Add to this the rather well-known information about Fallon running a miserable workspace, and you get a very dark portrait of the current state of a formerly sacred late night institution.

Today in wild pieces of pop culture trivia

By now most people who read Heathen are, I’m sure, aware of the SNL trio Please Don’t Destroy, which is comprised of Ben Marshall, John Higgins, and Martin Herlihy. They make jokes about the fact that Higgins and Herlihy are SNL legacies.

Higgins’ father is Steve Higgins, now the longtime announcer on Fallon’s Tonight Show, but previously a writer on SNL. Higgins also cameoed in a Timberlake monologue years ago as an obsessed fan there at the expense of his daughter, which was super funny.

Herlihy’s father is Tim Herlihy, a longtime collaborator of Adam Sandler and former writer-producer on the show.
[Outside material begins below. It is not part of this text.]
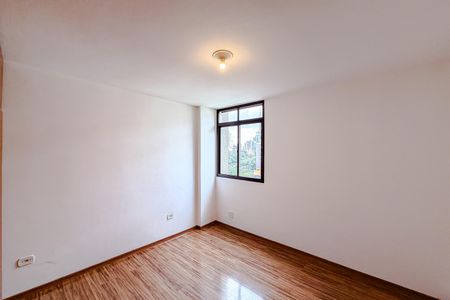 Apartamento à venda com 96m², 2 quartos e 1 vaga Apartamento à venda com 96m², 2 quartos e 1 vagaQuarto 2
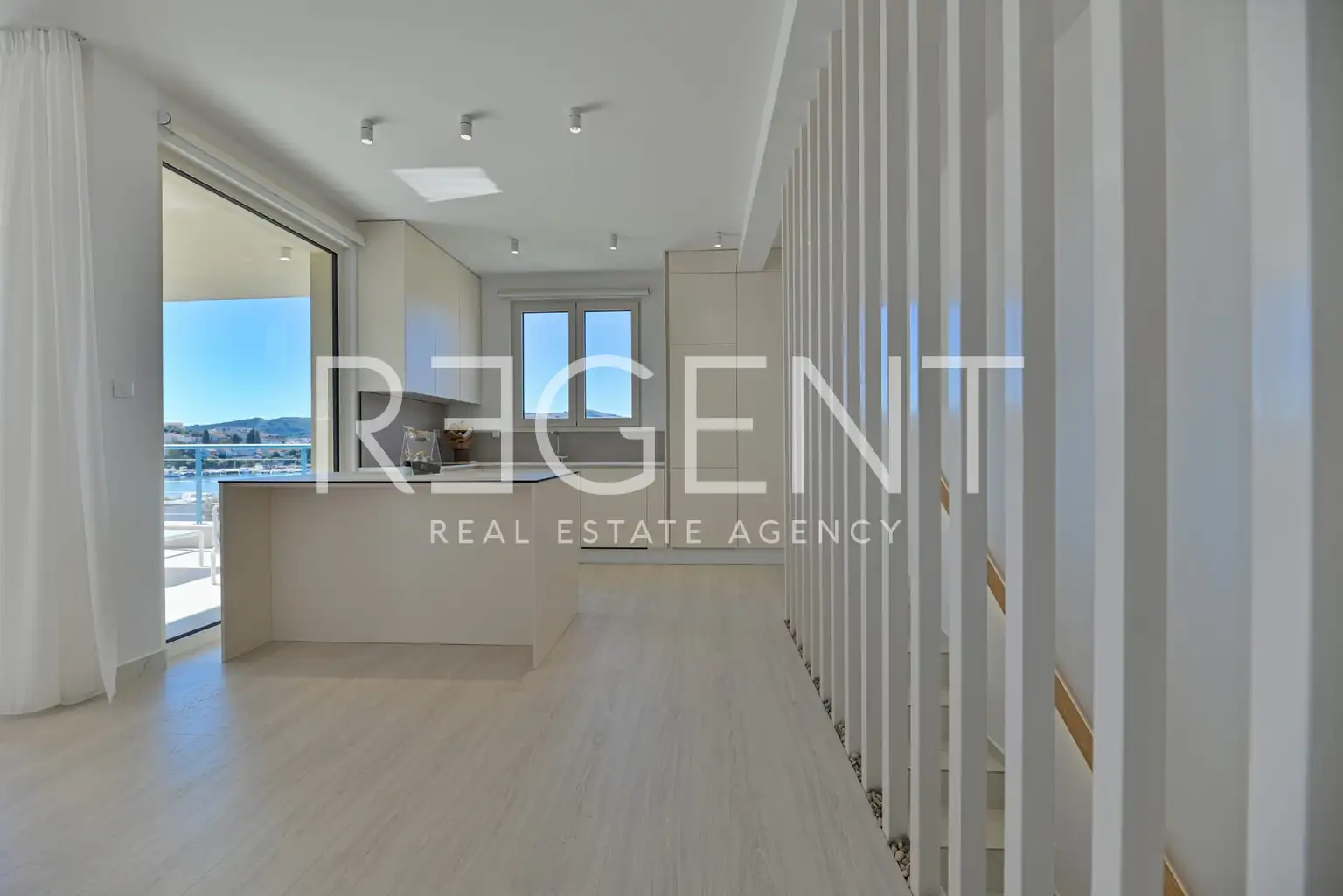 Seget Vranjica – moderna duplex vila s dva bazena i pogledom na more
Sandler sketches have sometimes referenced “that Herlihy boy” as an in-joke, which at this point is hilariously ambiguous.

Ben Marshall, though, is just a regular guy as noted in this PDD skit with Dakota Johnson about nepo babies.

So, you’d be forgiven for assuming that the SNL kids would’ve known each other for years… and yet NO. In fact, it was Marshall who introduced them to each other when all 3 were at NYU:

The trio met on the NYU comedy scene in 2017; Marshall and Herlihy were enrolled there as film students, while Higgins majored in acting and English. It was Marshall who first introduced Herlihy to Higgins, sensing the two shared a comic sensibility. Unbeknownst to him, they shared more than that — both Herlihy and Higgins are the sons of SNL writing legends.

How’d it come up? Like was it, “oh, what’s your dad do?” “Oh, he worked at SNL” “NO WAY!”